Eventually wire-tap evidence caught a number of phone calls made by Gallinger and Taylor to James Tamer. In February of 1948, a conversation was recorded between Gallinger and Tamer. Gallinger informed Tamer that he wasn't feeling like he'd play very well tonight, and also that Boston would be without a key player. Tamer then called Taylor and told him to bet $500 that the Bruins would lose. The Detroit police passed the information about the call to the NHL. The wiretaps were illegally obtained, so the police were not able to press charges against either player. However it was enough evidence for Campbell to take action.

In private interviews with Boston GM Art Ross, Gallinger maintained his innocence, fearing admitting what he did would shame his father. Ross approached Gallinger's father, offering to send Gallinger to a psychiatrist in Toronto. Gallinger's father presented to idea to Gallinger. Years later Gallinger would realize that Ross was offering him a way out, but at the time he missed it and turned it down.

One of Gallinger’s biggest mistakes was that he denied any wrongdoing and only confessed to his indiscretions after the evidence against him was so insurmountable it couldn’t be refuted.

Gallinger later admitted the details of the operation. "My bets varied from $250 to a $1000 a game," Gallinger said "My instructions from the guy," he continued, meaning Tamer, "Were to bet on what I knew of the team's attitude and our injuries." Gallinger insisted that while he began to bet three months before the scandal was disclosed, only eight or nine games were actually involved.

On March 9, 1948, Gallinger was suspended indefinitely from the NHL.

Billy Taylor never once asked for a pardon, but Gallinger never gave up the quest for reinstatement. In 1951, 1955 and 1963 he made desperate appeals. The NHL never wavered.

Without the protection of a union and with the wrath of Campbell falling upon him, Gallinger was doomed. One thing that irked Gallinger after the fact was that Babe Pratt of the Toronto Maple Leafs was found guilty of gambling on Maple Leafs victories in 1946 and received only a nine-game suspension because he owned up to his misdeeds immediately. Twenty years later, Pratt was inducted into the Hall of Fame.

Campbell, eager to stamp out players betting in the NHL, would not give Gallinger the same treatment. Gallinger was given a lifetime ban. After Pratt's incident, the NHL had changed its bylaws to make it impossible for a player to appeal a punishment if they had been found to have bet on a game.

In 1970, Gallinger's and Billy Taylor had their suspension lifted.

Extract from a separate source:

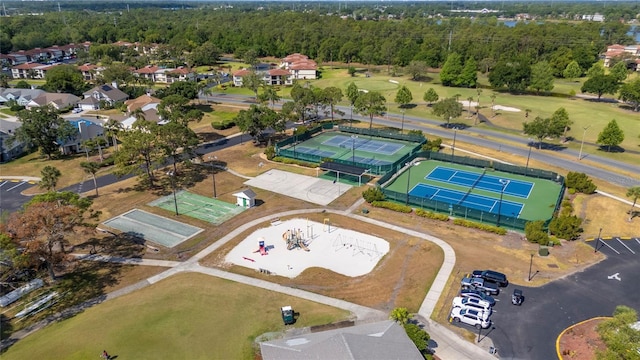 3235 Candle Ridge Dr Unit 102, Orlando, FL 32822 - aerial view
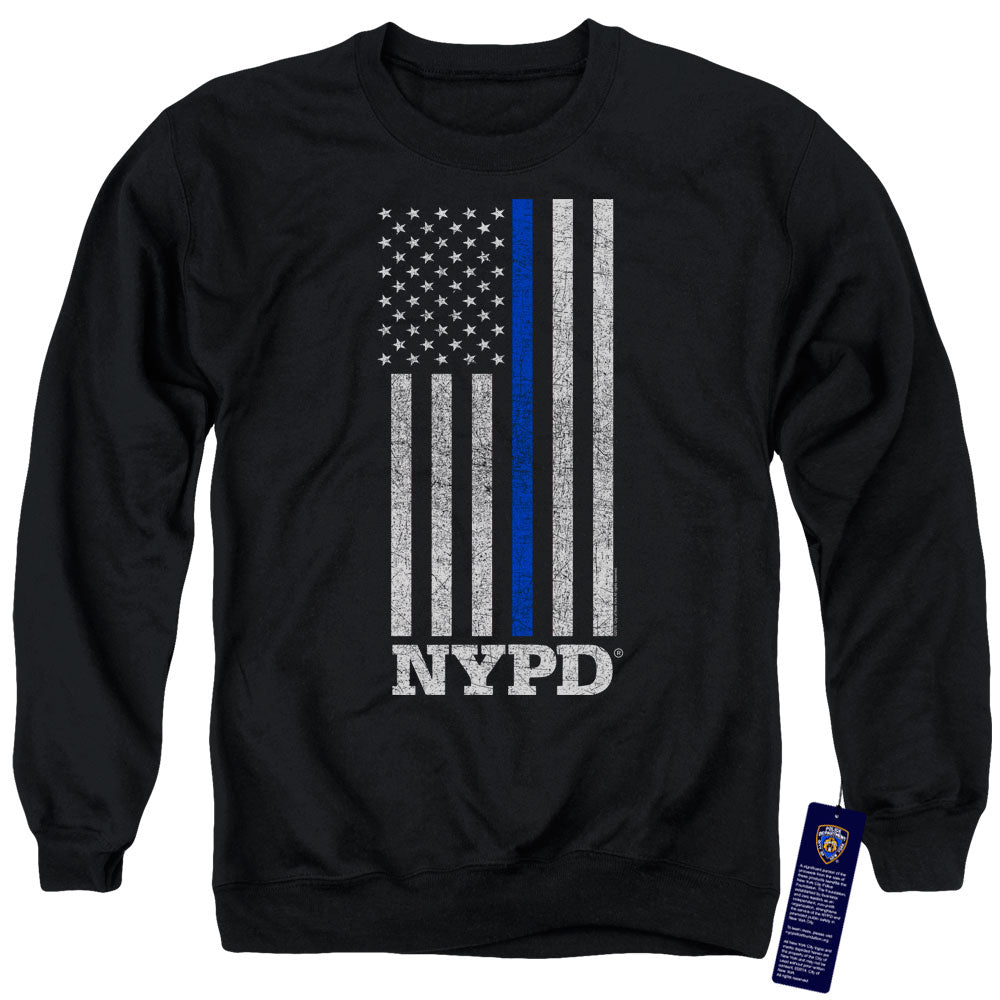 NEW YORK CITY/THIN BLUE LINE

Nobody knows how good Gallinger could have been as an NHL player if he hadn’t gotten involved in the criminal underbelly of gambling. He was a terrific skater, a heads-up player who could play both ends of the ice, and he had a very respectable 65 goals and 153 points in 222 career games when he was banned. It’s doubtful he would have followed his childhood pal Kennedy into the Hall of Fame, but he likely would have enjoyed a long and productive career.

At the time of his death in 2000, Gallinger was living in a 10-by-15-foot apartment in Burlington, Ont. His son Don Jr. said his father’s living space was crammed with old newspapers and articles about his own hockey career and attempts to have his name cleared. Only about a dozen people showed up to his funeral in his native Port Colborne, Ont. One of them was his childhood friend and Hall of Famer Ted Kennedy. Several business ventures had failed and he wasn’t a rich man. His NHL retirement income was $37 a month. His son paid the $8,000 to give his father a dignified burial.